Sequence length of FASTA file

cucurbit picture cucurbit · Jun 2, 2014 · Viewed 18.5k times · Source

I have the following FASTA file:

>header1
CGCTCTCTCCATCTCTCTACCCTCTCCCTCTCTCTCGGATAGCTAGCTCTTCTTCCTCCT
TCCTCCGTTTGGATCAGACGAGAGGGTATGTAGTGGTGCACCACGAGTTGGTGAAGC
>header2
GGT
>header3
TTATGAT

My desired output:

>header1
117
>header2
3
>header3
7
# 3 sequences, total length 127.

This is my code:

awk '/^>/ {print; next; } { seqlen = length($0); print seqlen}' file.fa

The output I get with this code is:

>header1
60
57
>header2
3
>header3
7

I need a small modification in order to deal with multiple sequence lines.

I also need a way to have the total sequences and total length.
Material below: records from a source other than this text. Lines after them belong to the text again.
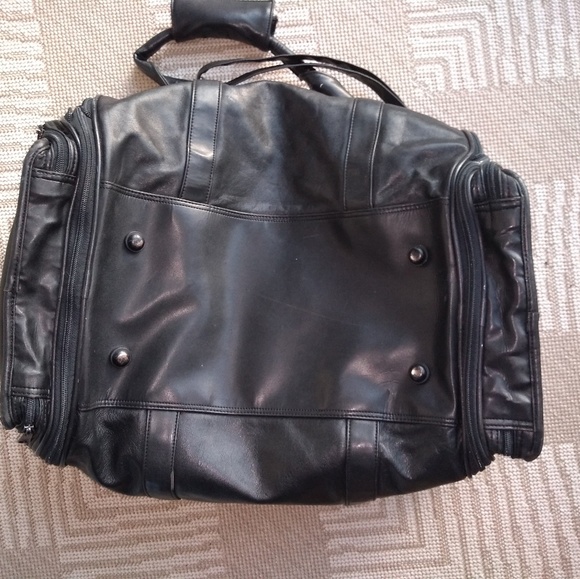 kluge leather duffle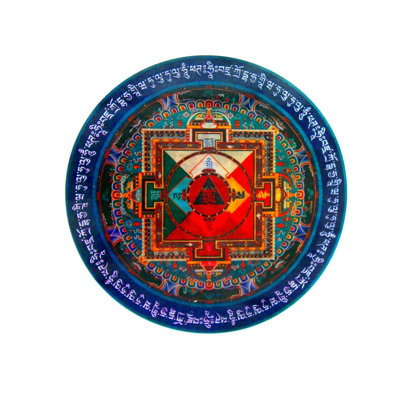 Décalcomanie murale mandala Hayagriva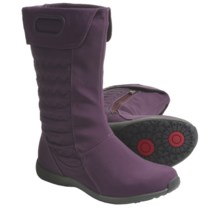 Patagonia Fiona Mid Winter Boots - Insulated, Quilted, Side Zip (For Women) in Deep Plum - Closeouts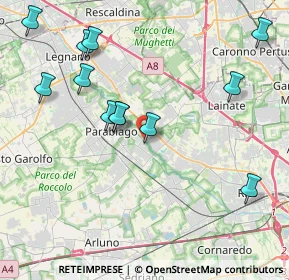 Mappa Piazza Alessandro Manzoni, 20014 Nerviano MI, Italia (4.50417)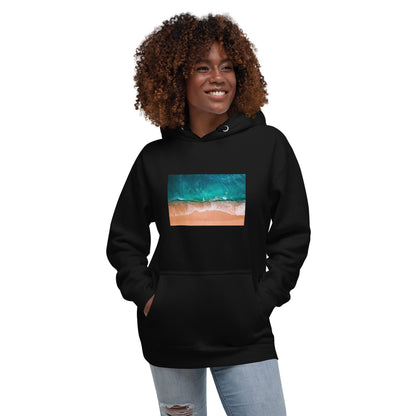 Hoodie Womens Designer (Hoodies Womens - Nature Seashore 0011)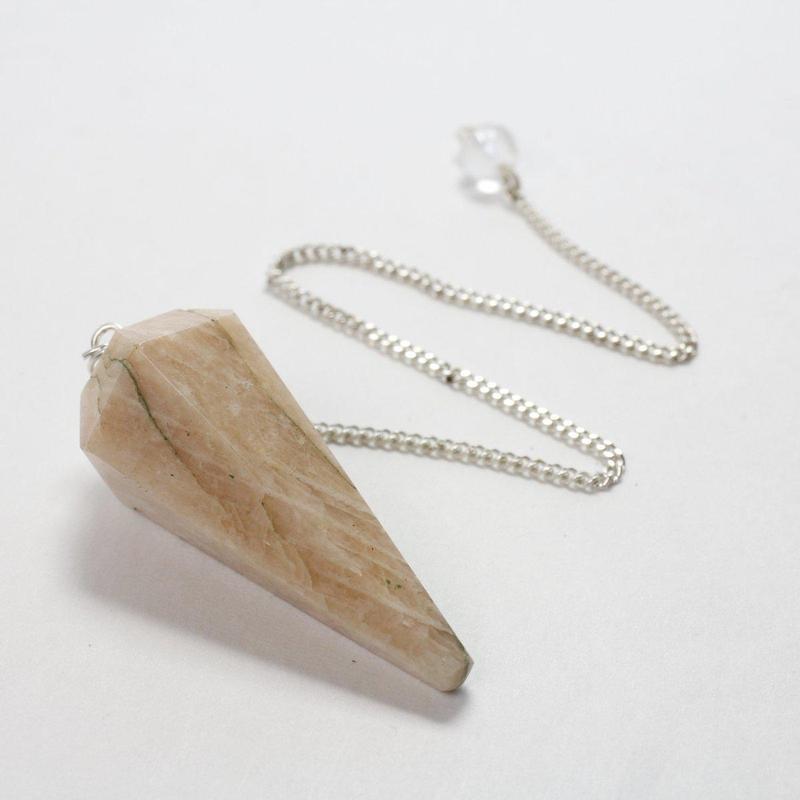 Natural Moonstone Pendulum Divination Tool || Stone of Guidance || India-Nature's Treasures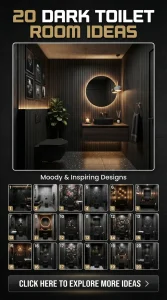 20 Dark Toilet Room Ideas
Any suggestion will be welcome... In bash or awk, please. I know that is easy to do it in Perl/BioPerl and actually, I have a script to do it in those ways.

Answer

Juan Diego Godoy Robles picture Juan Diego Godoy Robles · Jun 2, 2014

An awk / gawk solution can be composed by three stages:

  1. Every time header is found these actions should be performed:

    • Print previous seqlen if exists.
    • Print tag.
    • Initialize seqlen.
  2. For the sequence lines we just need to accumulate totals.
  3. Finally at the END stage we print the remnant seqlen.

Commented code:

awk '/^>/ { # header pattern detected
        if (seqlen){
         # print previous seqlen if exists 
         print seqlen
         }

         # pring the tag 
         print

         # initialize sequence
         seqlen = 0

         # skip further processing
         next
      }

# accumulate sequence length
{
seqlen += length($0)
}
# remnant seqlen if exists
END{if(seqlen){print seqlen}}' file.fa

A oneliner:

awk '/^>/ {if (seqlen){print seqlen}; print ;seqlen=0;next; } { seqlen += length($0)}END{print seqlen}' file.fa

For the totals:

awk '/^>/ { if (seqlen) {
              print seqlen
              }
            print

            seqtotal+=seqlen
            seqlen=0
            seq+=1
            next
            }
    {
    seqlen += length($0)
    }     
    END{print seqlen
        print seq" sequences, total length " seqtotal+seqlen
    }' file.fa